Originated from statistical physics, EBM directly defines a probability density that is an exponential of the negative energy function, where the energy function maps the input variable to an energy scalar. Training an EBM from observed data entails finding an energy function, where observed data are assigned lower energies than unobserved ones. Given the observed training data, EBM are trained by maximum likelihood estimation, which leads to an ``analysis by synthesis'' algorithm. The training process iterates the following two steps: (1) Synthesis step: sample the data from the current probability distribution using the Markov chain Monte Carlo (MCMC) method. (2) Analysis step: update the model parameters based on the statistical difference between the synthesized data and the observed data.
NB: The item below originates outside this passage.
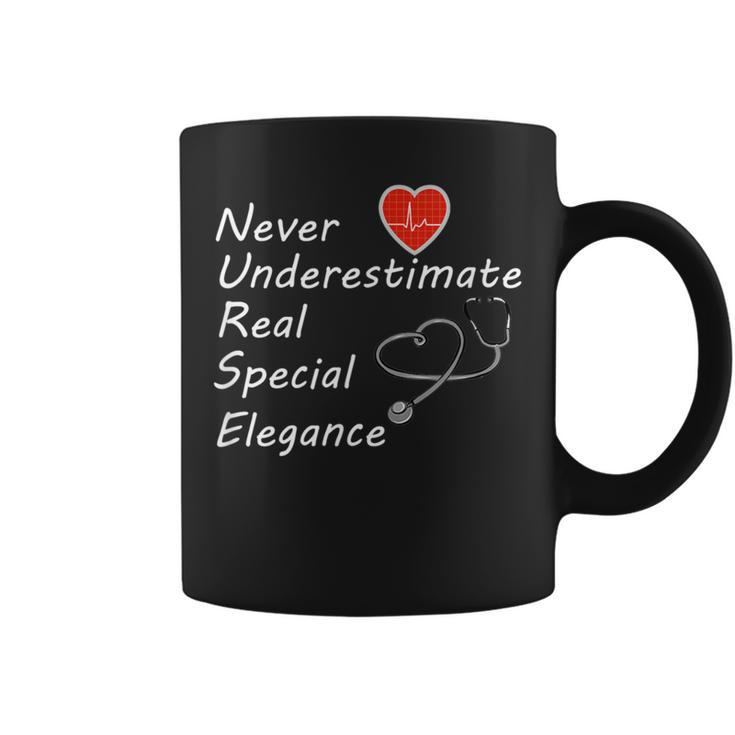 Rn Nurse Never Underestimate Real Special Elegance Coffee Mug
Compared other commonly used generative models, such as Generative Adversarial Network (GAN) or Variational Auto-encoder (VAE), EBM is appealing because (1) EBM provides an explicit density function for the data; (2) training EBM does not rely on any auxiliary models; (3) Training EBM does not suffer from mode collapse; (4) EBM unifies the representation and generation in a single framework.
We first propose EBM on unordered set data, such as point clouds which are widely used in 3D shape representation. In this part, we propose a generative model of unordered point sets in the form of an EBM, where the energy function is parameterized by an input-permutation-invariant bottom-up neural network. The energy function learns a coordinate encoding of each point and then aggregates all individual point features into energy for the whole point cloud. We call our model the Generative PointNet because it can be derived from the discriminative PointNet. Our model can be trained by MCMC-based maximum likelihood learning (as well as its variants), without the help of any assisting networks like those in GANs and VAEs. Unlike most point cloud generators that rely on hand-crafted distance metrics, our model does not require any hand-crafted distance metric for the point cloud generation, because it synthesizes point clouds by matching observed examples in terms of statistical properties defined by the energy function. Furthermore, we can learn a short-run MCMC towards EBM as a flow-like generator for point cloud reconstruction and interpolation. The learned point cloud representation can be useful for point cloud classification and segmentation.
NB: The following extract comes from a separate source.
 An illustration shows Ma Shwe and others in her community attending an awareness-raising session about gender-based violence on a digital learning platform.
We then design a novel shape implicit representation based on EBM. The implicit representation, which uses a function to represent a 3D shape, shows great performance in the 3D graphic field. Unlike previous work which required a human-defined function, we proposed the energy-based implicit function defined as a natural representation of the probability that a point is on the surface. The energy-based implicit function learned a probability distribution for points over the 3D space. With the introduction of conditional latent code, a deep neural network approximated energy function can represent multiple objects. We use importance sampling and maximum likelihood estimation to learn this network. Our training procedure does not require extra human-defined loss functions and sample points which are not on the surface. Furthermore, we combined this energy-based implicit function with variation auto-encoder for improved capacity in generation.
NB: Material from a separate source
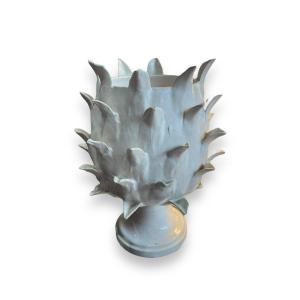 Jean Roger Important Stylized Pineapple Baluster Vase In Ceramic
At last, we focus on the problem of continuous inverse optimal control (over finite time horizon) by learning the unknown cost function over the sequence of continuous control variables from expert demonstrations. In this part, we study this fundamental problem in the framework of EBM, where the observed expert trajectories are assumed to be random samples from a probability density function defined as the exponential of the negative cost function up to a normalizing constant. The parameters of the cost function are learned by maximum likelihood via an ``analysis by synthesis'' scheme, which iterates (1) synthesis step: sample the synthesized trajectories from the current probability density using the Langevin dynamics via back-propagation through time, and (2) analysis step: update the model parameters based on the statistical difference between the synthesized trajectories and the observed trajectories. Given the fact that an efficient optimization algorithm is usually available for an optimal control problem, we also consider a convenient approximation of the above learning method, where we replace the sampling in the synthesis step by optimization. Moreover, to make the sampling or optimization more efficient, we propose a method to train EBM simultaneously with a top-down trajectory generator via cooperative learning, where the trajectory generator is used to fast initialize the synthesis step of EBM. We demonstrate that the proposed methods work well on autonomous driving tasks and show that they can learn suitable cost functions for optimal control.